**Task details:**
Please set down only the lines below starting with the line with "أذرع قابض الفرامل" and going on through the line with "Rodney Thomas Indianapolis", verbatim and without pictures.

───

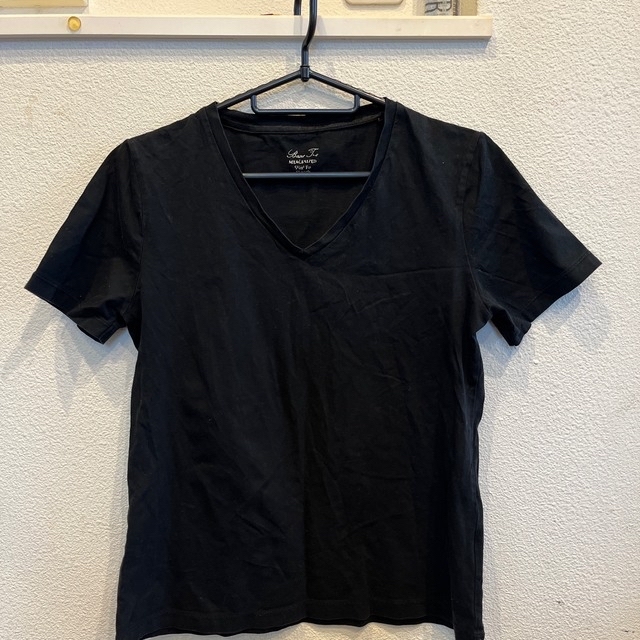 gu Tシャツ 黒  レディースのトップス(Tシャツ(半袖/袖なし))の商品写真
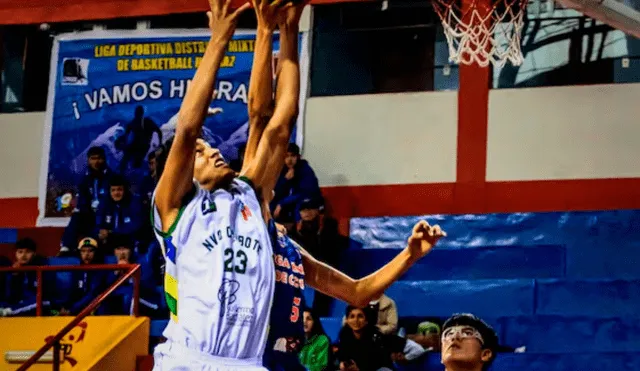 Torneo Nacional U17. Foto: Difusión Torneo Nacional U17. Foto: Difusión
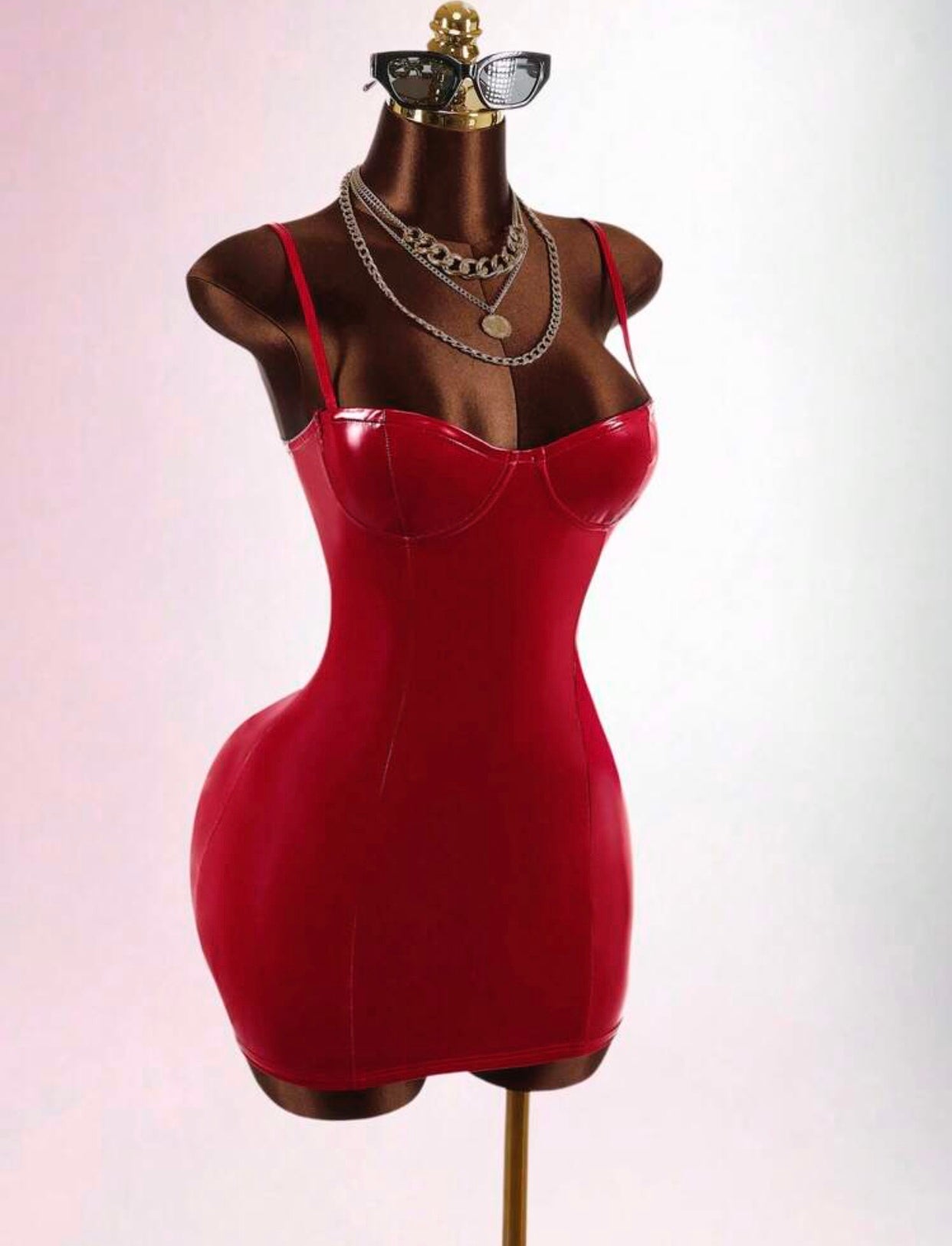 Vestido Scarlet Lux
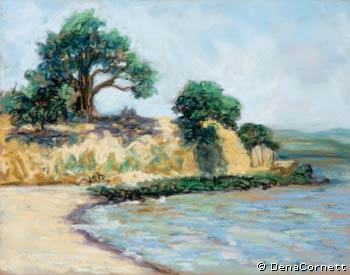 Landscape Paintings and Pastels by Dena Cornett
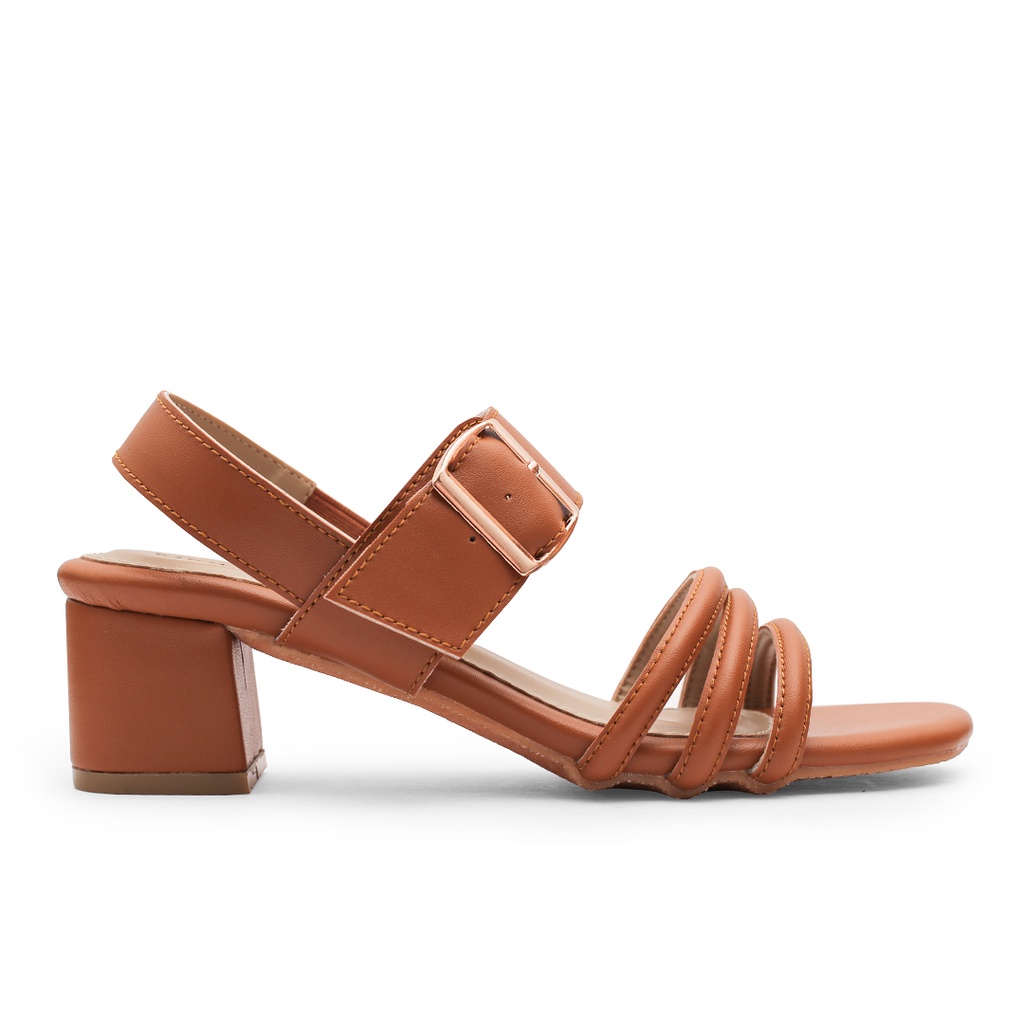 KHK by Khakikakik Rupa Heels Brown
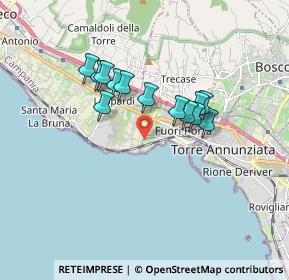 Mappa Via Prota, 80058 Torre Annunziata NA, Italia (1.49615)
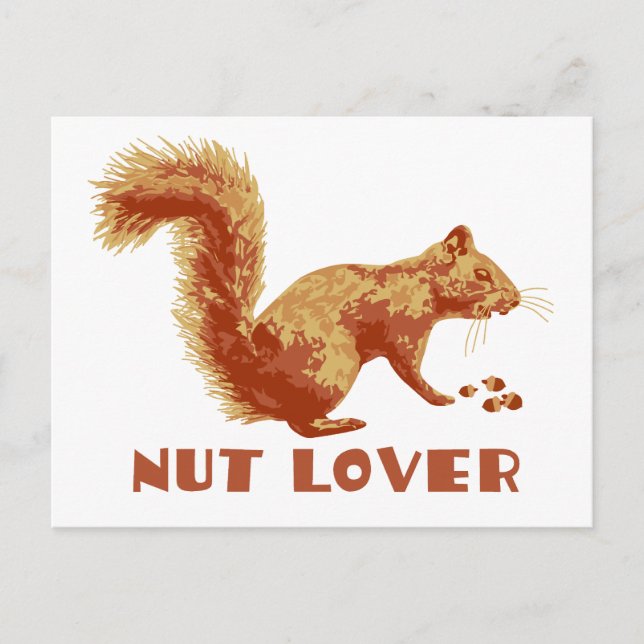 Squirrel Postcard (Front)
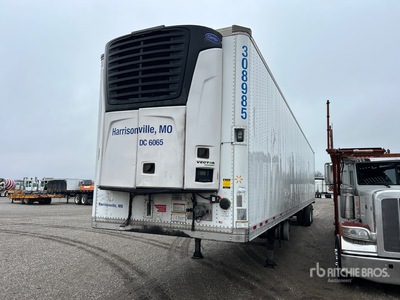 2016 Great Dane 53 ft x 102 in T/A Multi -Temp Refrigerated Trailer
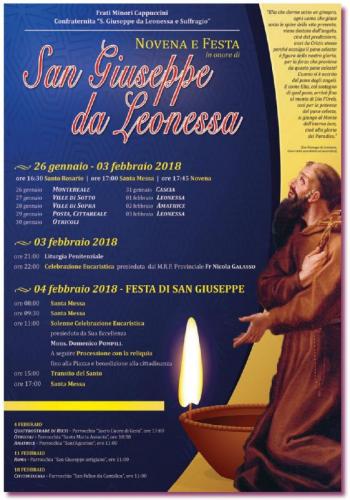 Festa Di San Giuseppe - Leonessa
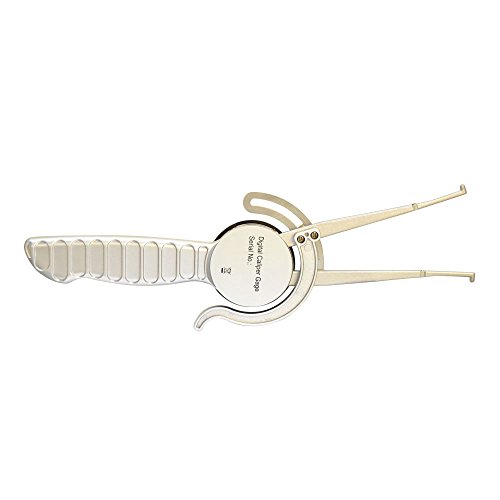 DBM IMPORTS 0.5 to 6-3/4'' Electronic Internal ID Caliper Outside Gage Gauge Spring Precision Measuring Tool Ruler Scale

───

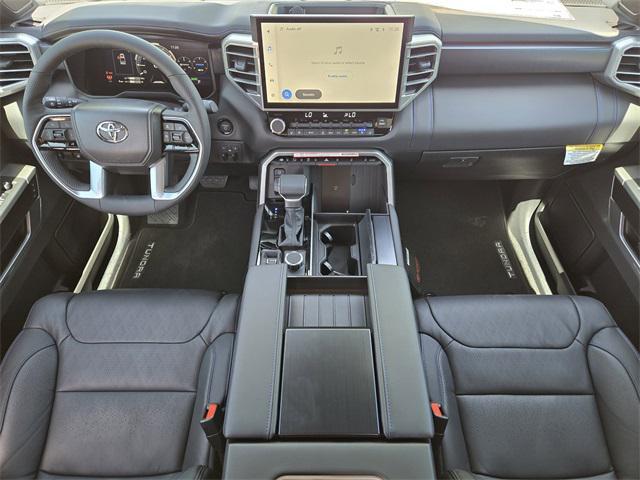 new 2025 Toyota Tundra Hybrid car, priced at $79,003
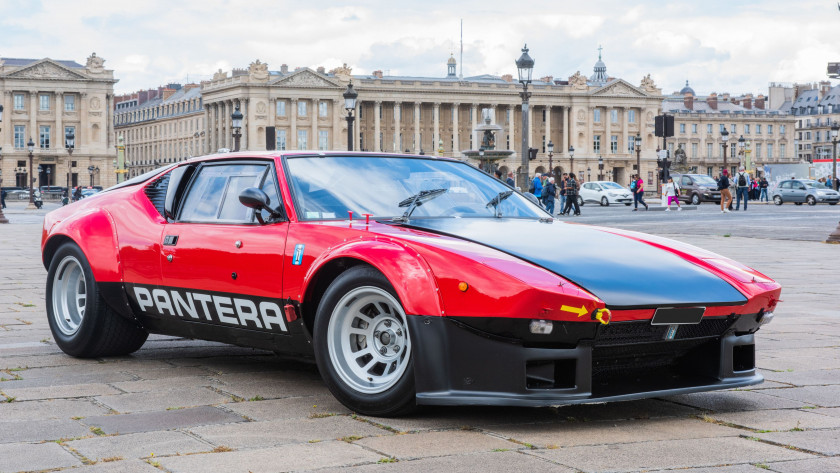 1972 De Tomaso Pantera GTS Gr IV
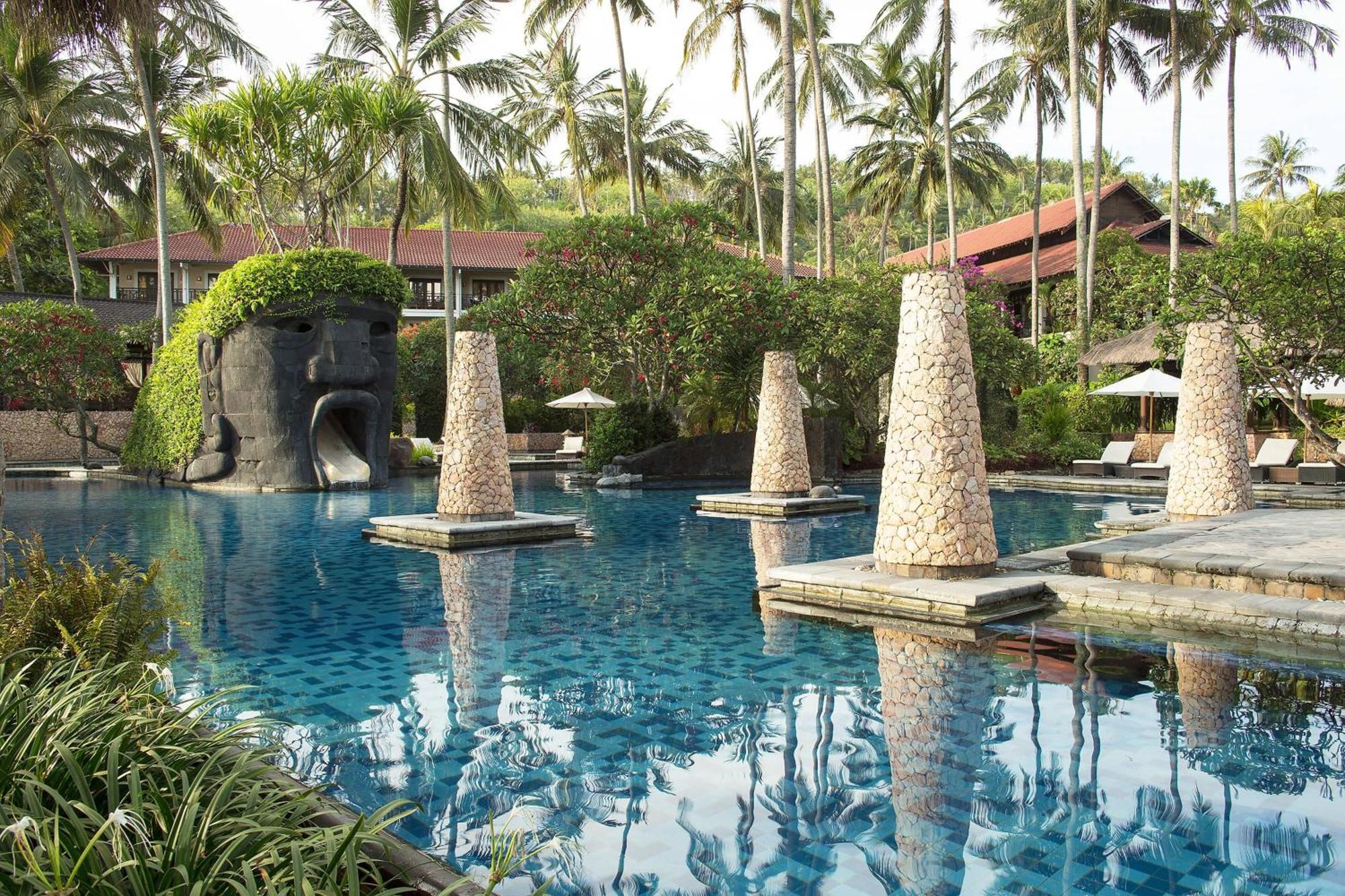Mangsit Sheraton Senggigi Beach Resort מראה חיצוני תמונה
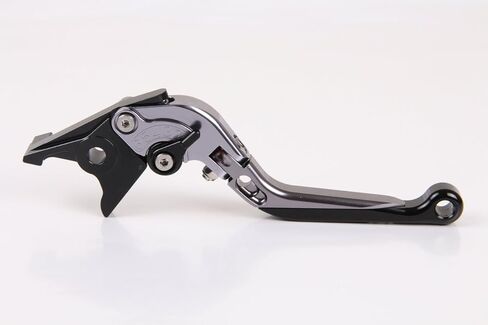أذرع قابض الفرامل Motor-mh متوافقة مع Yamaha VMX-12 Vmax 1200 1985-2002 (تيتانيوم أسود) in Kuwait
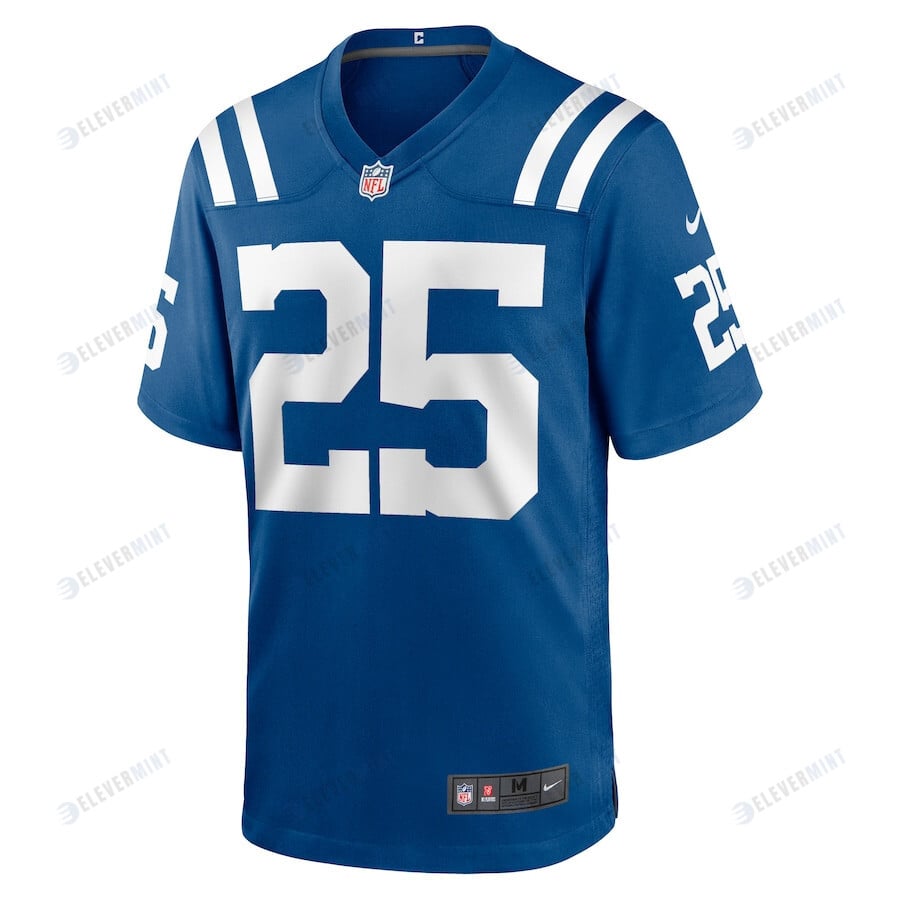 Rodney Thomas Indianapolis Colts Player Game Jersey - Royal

───

**Response area:**
أذرع قابض الفرامل Motor-mh متوافقة مع Yamaha VMX-12 Vmax 1200 1985-2002 (تيتانيوم أسود) in Kuwait
 Rodney Thomas Indianapolis Colts Player Game Jersey - Royal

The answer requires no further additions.